Evaluating quality-in-use of FLOSS through analyzing user reviews

1. Does the paper propose a new opinion mining approach?

No

2. Which opinion mining techniques are used (list all of them, clearly stating their name/reference)?

Ad hoc approach, which is an improved version of the one proposed by Socher et al in previous work () We use an improved recursive neural tensor network proposed by Socher et al to analyze the sentiment strengths of aspects. The recursive neural tensor network is trained by the training set provided by Socher et al. (2013) Socher's method, which embeds each word in a sentence before giving it a score and the sentiment strength of the sentence is on the root node. The proposed improved method consists of two steps: (1) find out all subjects, predicates, and objects in a sentence, (2) split them into different parts and find the root node of these parts. If a part has an aspect, the score at the root node is its sentiment strength for this review. ref. R. Socher, A. Perelygin, J. Y. Wu, J. Chuang, C. D. Manning, A. Y. Ng, et al., "Recursive deep models for semantic compositionality over a sentiment treebank", Proceedings of the conference on empirical methods in natural language processing (EMNLP), vol. 1631, pp. 1642, 2013.

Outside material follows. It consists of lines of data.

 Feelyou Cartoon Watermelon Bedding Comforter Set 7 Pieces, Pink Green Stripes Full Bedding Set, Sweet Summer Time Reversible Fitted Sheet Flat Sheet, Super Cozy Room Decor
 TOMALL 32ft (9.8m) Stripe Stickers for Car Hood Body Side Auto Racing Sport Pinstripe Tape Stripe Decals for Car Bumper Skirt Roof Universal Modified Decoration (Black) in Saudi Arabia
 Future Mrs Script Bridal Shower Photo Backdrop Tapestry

3. Which opinion mining approaches in the paper are publicly available? Write down their name and links. If no approach is publicly available, leave it blank or None.

See above

4. What is the main goal of the whole study?

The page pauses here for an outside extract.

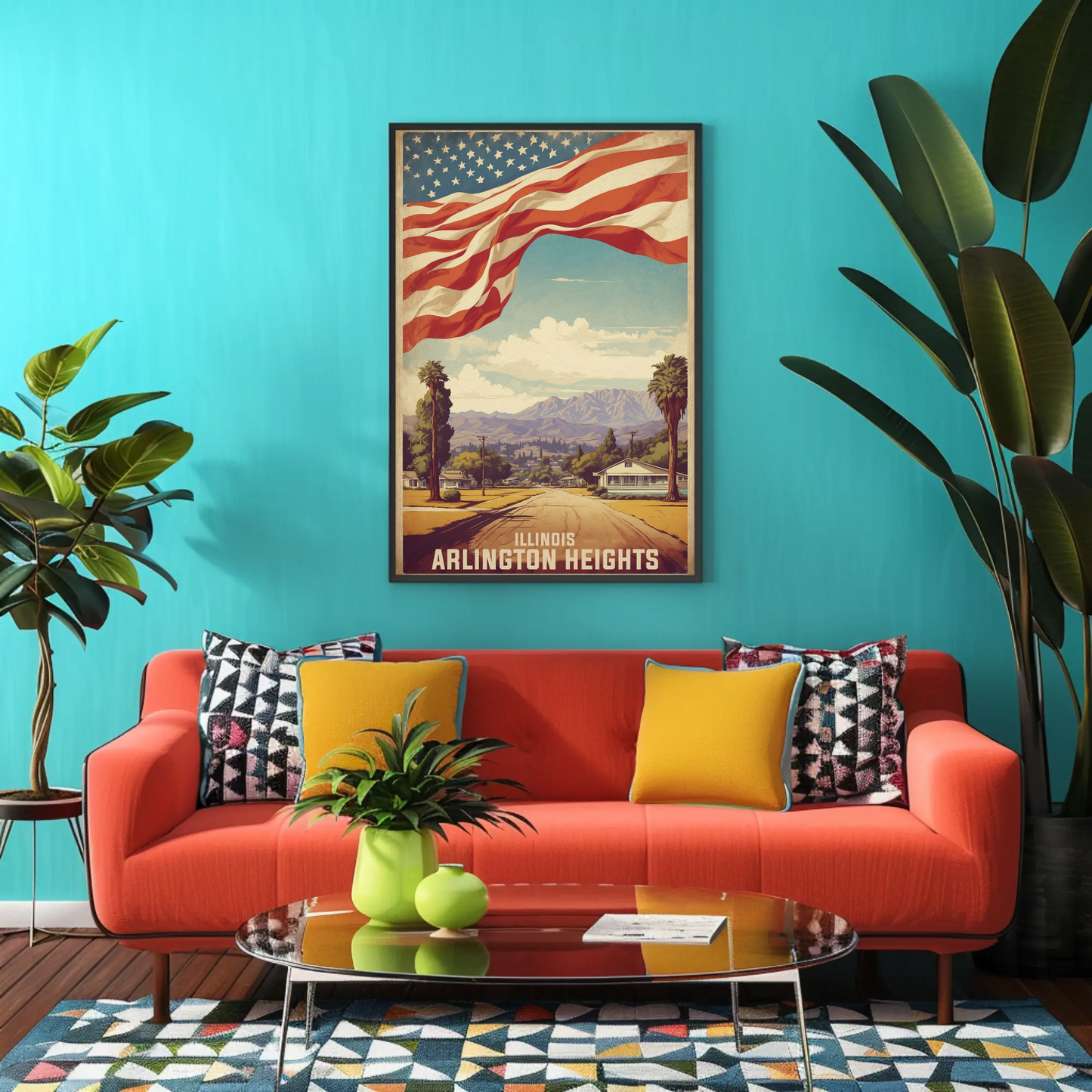 Arlington Heights Illinois Neighborhood View Vintage Travel Poster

Assessment of Quality-in-use (QU), i.e. evaluating the software quality from the user perspective for FLOSS projects.

5. What the researchers want to achieve by applying the technique(s) (e.g., calculate the sentiment polarity of app reviews)?

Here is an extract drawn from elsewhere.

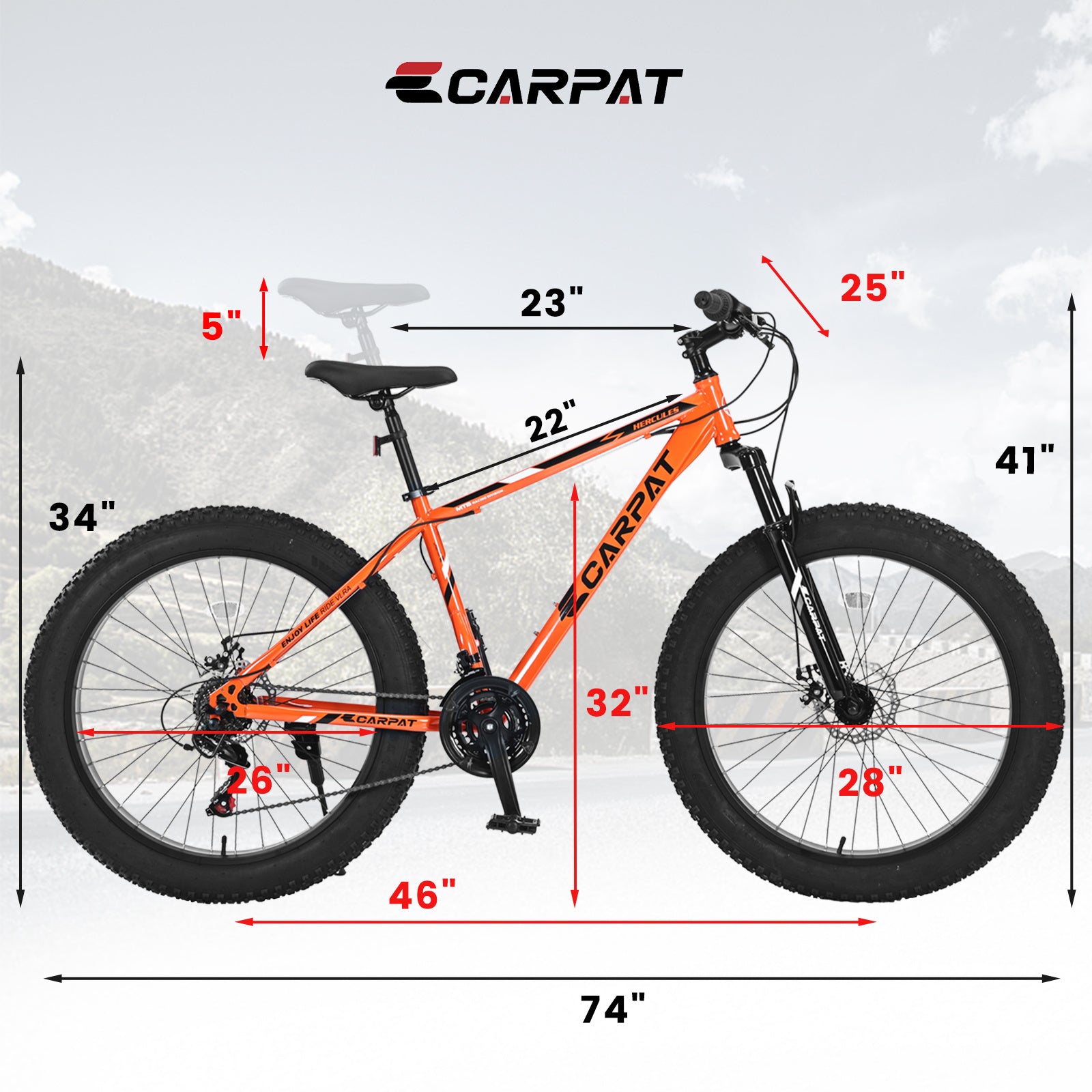 TerraForce™ Ruff-Ryde – 26" Fat Tire Mountain Bike (21-Speed, Full Suspension)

Step 1 We use a natural language processing method to process user reviews and classify them into two categories: informative reviews and noninformative ones. We then apply a topic model on the informative reviews so that topics users are interested in can be extracted, transform topics into characteristics of a QU model, and calculate the weight of each characteristic. Step 2 We extract aspects from reviews and analyze the sentiment strength of these aspects. Step 3 We match aspects with characteristics, evaluate QU of FLOSS using the aspect sentiment strengths and their characteristics weights. Wilson Interval is also taken to punish FLOSS with insufficient reviews.

6. Which dataset(s) the technique is applied on?

FLOSS projects' revies

7. Is/Are the dataset(s) publicly available online? If yes, please indicate their name and links.

no

8. Is the application context (dataset or application domain) different from that for which the technique was originally designed?

It seems so but implementation details are not provided

9. Is the performance (precision, recall, run-time, etc.) of the technique verified? If yes, how did they verify it and what are the results?

no

10. Does the paper replicate the results of previous work? If yes, leave a summary of the findings (confirm/partially confirms/contradicts).

no

11. What success metrics are used?

---

12. Write down any other comments/notes here.

-